3) Hope. Hold onto hope. Choose your thoughts carefully. Every thought will effect your entire body and those around you. Science is catching up with the bible and is proving these truths. Guard your thought life well.  “Finally, brothers and sisters, whatever is true, whatever is noble, whatever is right, whatever is pure, whatever is lovely, whatever is admirable-if anything is excellent or praiseworthy-think about such things.” (Phil. 4:9) We must be wise and prepare for our future but we must not assume the worst possible outcome for our disease. As a caregiver, you must keep hope for your loved one. Bring light to the dark times. Truth. Only through God’s truth can we truly know hope.

4) Listen. “Be quick to listen, slow to speak.” (James 1: 19) Your loved one needs to process what he/she is going through. They need a listening ear. It helps to communicate what we are feeling emotionally or physically so we don’t feel it alone. Disease can make us feel alone. We need to be reminded that we are not alone. If you don’t know how to process your own feelings about your loved ones pain, please seek a counselor for yourself and your loved one. This is vital and can be the saving of your marriage. If your loved one is really stuggling with the processing part of illness, please get them to a professional counselor who can walk this with them.

5) Laugh. “A cheerful heart is good medicine, but a crushed spirit dries up bones.” (Prov. 17:22) We need laughter. If you are sucked dry of fun and smiles then pick a movie that makes you laugh. Pull up YouTube videos that tickle your belly with laughter. Have fun with your spouse!  “A cheerful look brings joy to the heart, and good news gives health to the bones.“(Prov. 15:30) “The cheerful heart has a continual feast.” (Prov. 15:15b) Do something fun that will pull you out of the rut. Laughter is like a rope that ties you closer and heals the spirit.

6) Health. Your spouse needs you to choose to be healthy with him/her. She should be eating healthy to feel better and with you, lovingly choosing a healthier lifestyle with her, she will succeed. Without you walking the health journey she is much more likely to fail. Her diet and exercise is vital. If she is to thrive physically, mentally and emotionally she needs to eat well and exercise her body.

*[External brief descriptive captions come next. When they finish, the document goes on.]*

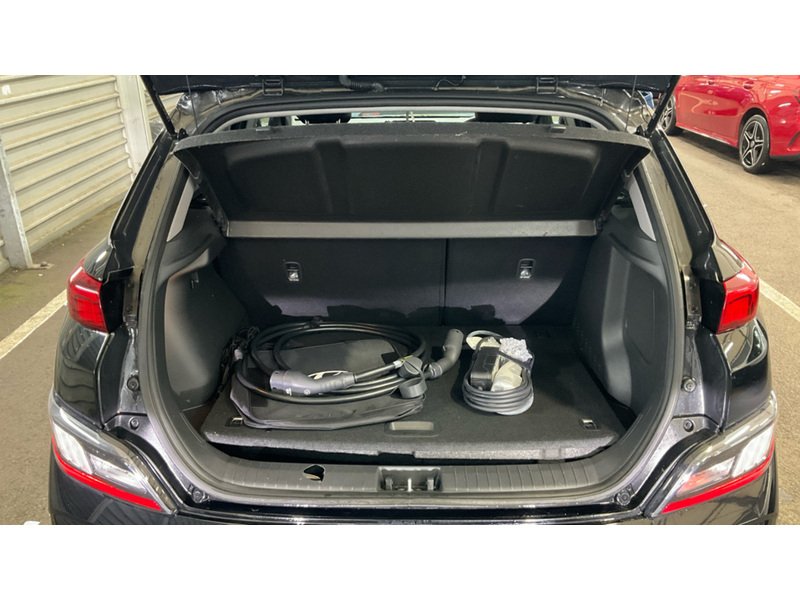 Used Hyundai KONA 2023 for sale - 77250861: Photo 7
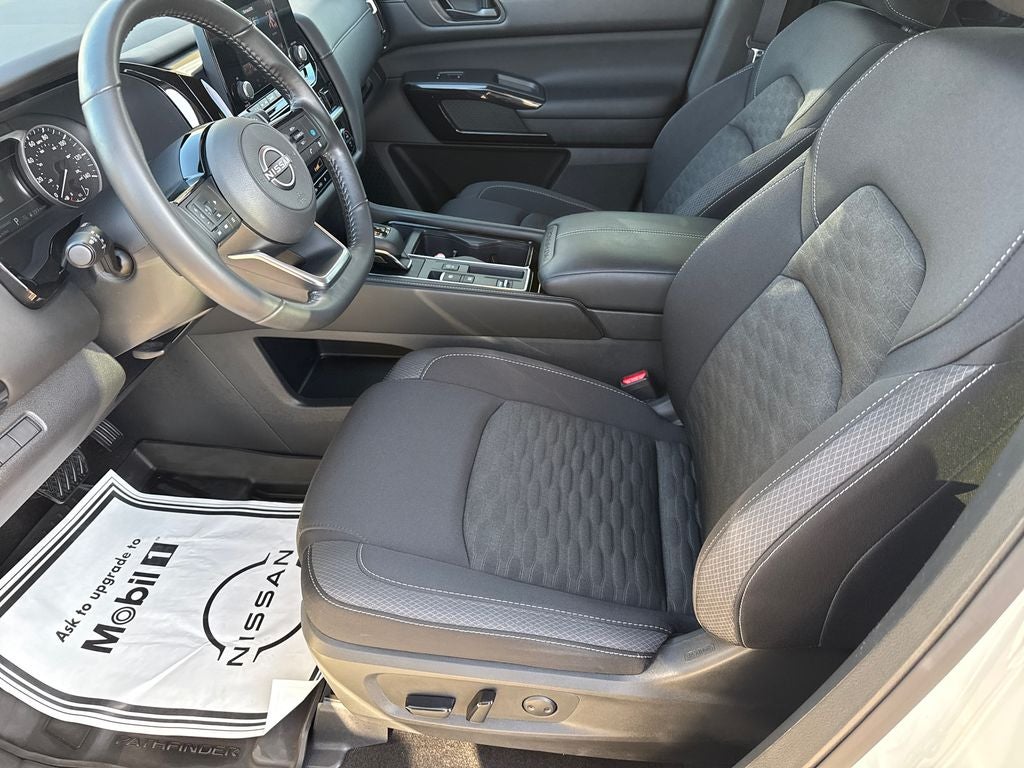 2023 Nissan Pathfinder SV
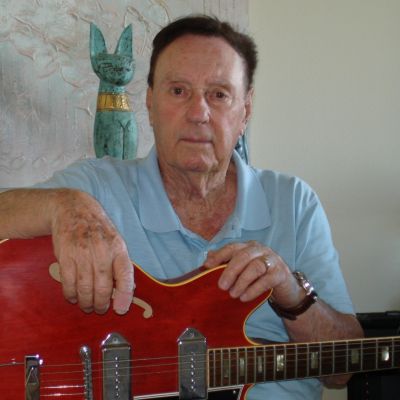 Bill Pitman A Guitarist Passed Away At The Age Of 102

7) Spiritual. Grow closer to God. He draws near to those who draw near to Him. He loves you and desires a relationship with you and your spouse. Together, with Him, you will thrive. Believe in healing but believe more in the God who heals. His plans are for good to those who love Him and are called according to His purpose. (Rom. 8:28) Jeremiah 29:11 says, “‘I know the plans I have for you,’ declares the Lord, ‘plans to  prosper you and not to harm you, plans to give you hope and a future.'”

March 27, 2016

We are praying for you dear friends. Jesus came that we may have life and that more abundantly. (John 10:10) Your marriage can thrive in the midst of this crazy life.  You are not enemies. You ought to be each others advocate. If the foundation of your marriage was not strong, you can rebuild today. Brick by brick you can rebuild your marriage. It is worth the work. You are worth it.

Joy to you and yours today.

5 thoughts on “To the Caregiver”

  1. Charise, > I love your family. I know that you inspire yourself as you do also for me and my wife. You are fluent in goodness and your walk is uplifting for the Kingdom. Hugh Ord >


  2. It’s amazing, but when you are “young(er)”, the conditions of “better or worse”, “richer or poorer”, “sickness and health”, just don’t really resonate like they do when you are actually going through those things. Trusting in God gets you through it.